Provides tools to generate an HTML interface for creating adaptive and non-adaptive educational and psychological tests using the shiny package. Suitable for applying unidimensional and multidimensional computerized adaptive tests using item response theory methodology. Test scoring is performed using the mirt package. However, if no scoring is required (i.e., a standard survey) then defining a mirt object may be omitted.

Usage

mirtCAT(df = NULL, mo = NULL, method = "MAP", criteria = "seq", start_item = 1, local_pattern = NULL, design_elements = FALSE, cl = NULL, progress = FALSE, primeCluster = TRUE, design = list(), shinyGUI = list(), preCAT = list(), ...)
"print"(x, ...)
"summary"(object, sort = TRUE, ...)
"plot"(x, pick_theta = NULL, true_thetas = TRUE, SE = 1, main = NULL, par.strip.text = list(cex = 0.7), par.settings = list(strip.background = list(col = "#9ECAE1"), strip.border = list(col = "black")), ...)

Arguments

df
a data.frame or list object containing the character vector inputs required to generate GUI questions through shiny.
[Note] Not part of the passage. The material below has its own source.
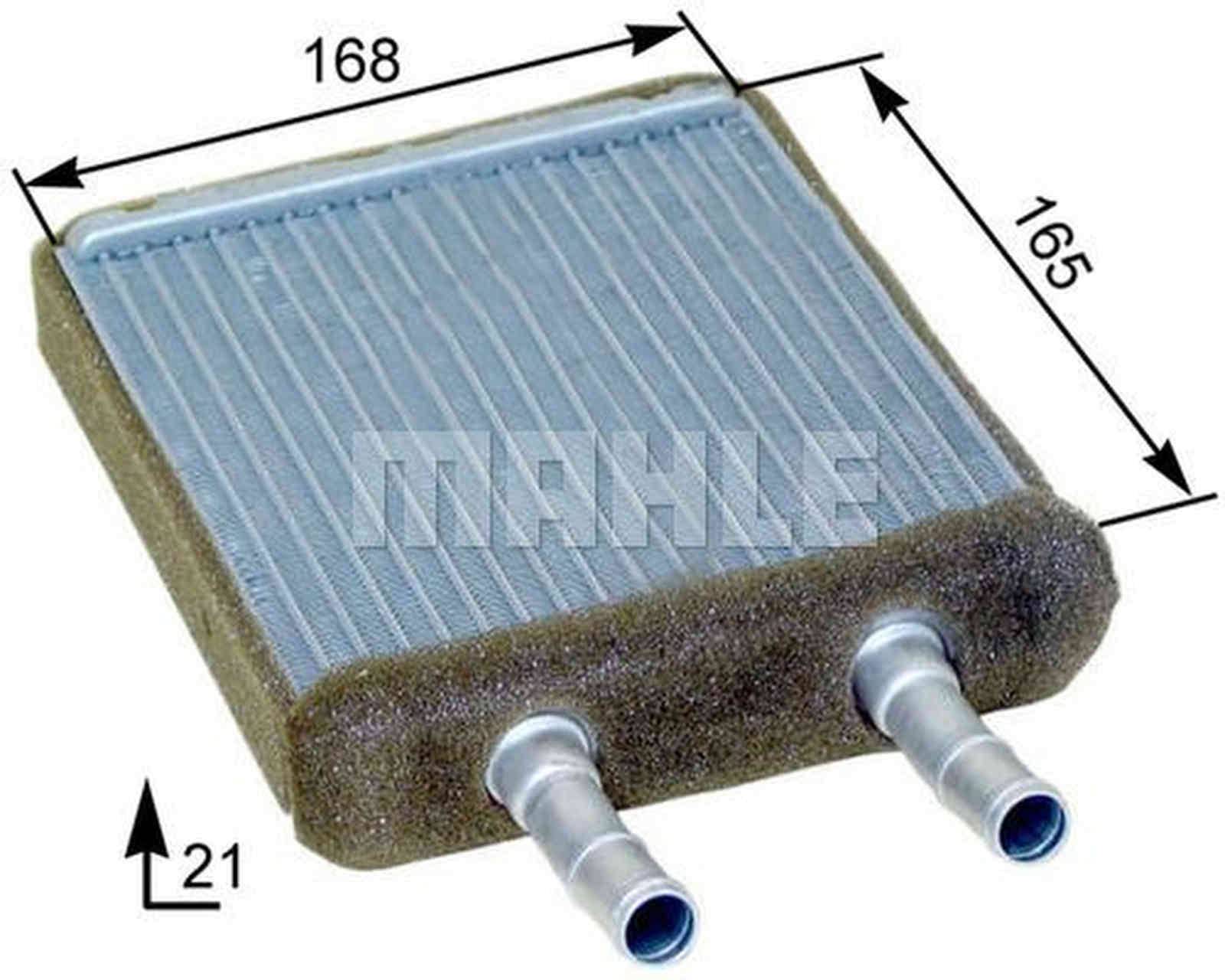 Wärmetauscher Innenraumheizung Alu 168 mm - 165 mm MAHLE für u.a. HYUNDAI ACCENT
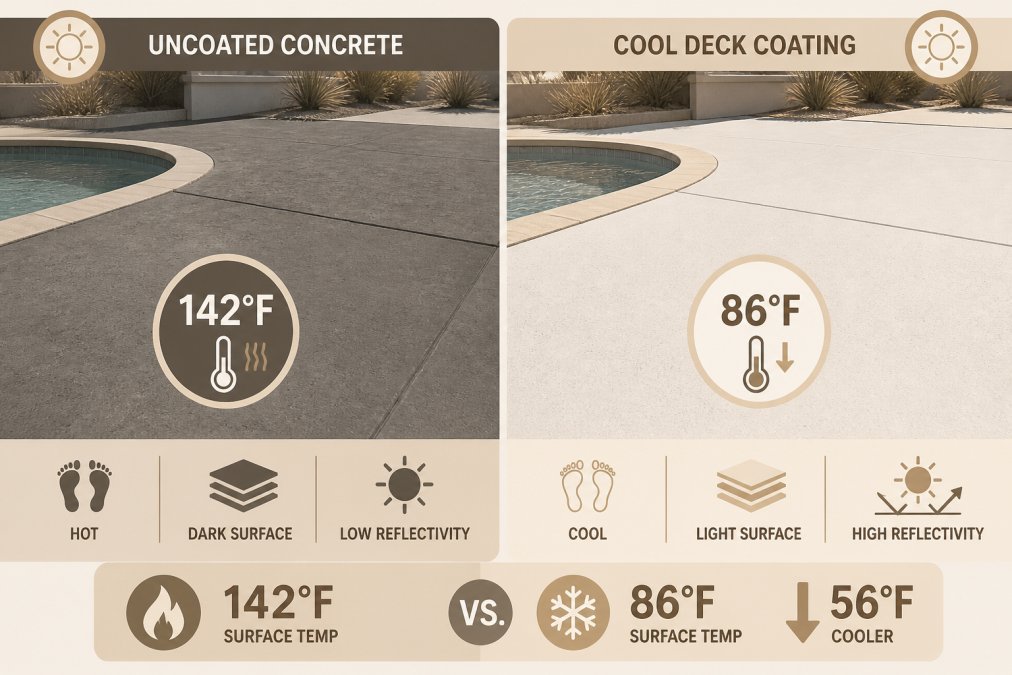 Side-by-side comparison showing a dark gray concrete pool deck on the left looking hot and uncomfortable, and the same deck area on the right with a light reflective coating applied, both in bright direct sunlight with visible difference in surface appearance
If factors are supplied instead of character vectors then the inputs will be coerced using the as.character() function (set stringsAsFactors = FALSE when defining a data.frame to avoid this). Each row in the object corresponds to a unique item. The object supports the follow column name combinations as inputs to specify the type of response format, questions, options, answers, and stems:

mo
single group object defined by the mirt::mirt() function. This is required if the test is to be scored adaptively or non-adaptively, but not required for general questionnaires. The object can be constructed by using the generate.mirt_object function if population parameters are known or by including a calibrated model estimated from the mirt function with real data.
method
argument passed to mirt::fscores() for computing new scores in the CAT stage, with the addition of a 'fixed' input to keep the latent trait estimates fixed at the previous values. Default is 'MAP'
criteria
adaptive criteria used, default is to administer each item sequentially using criteria = 'seq'.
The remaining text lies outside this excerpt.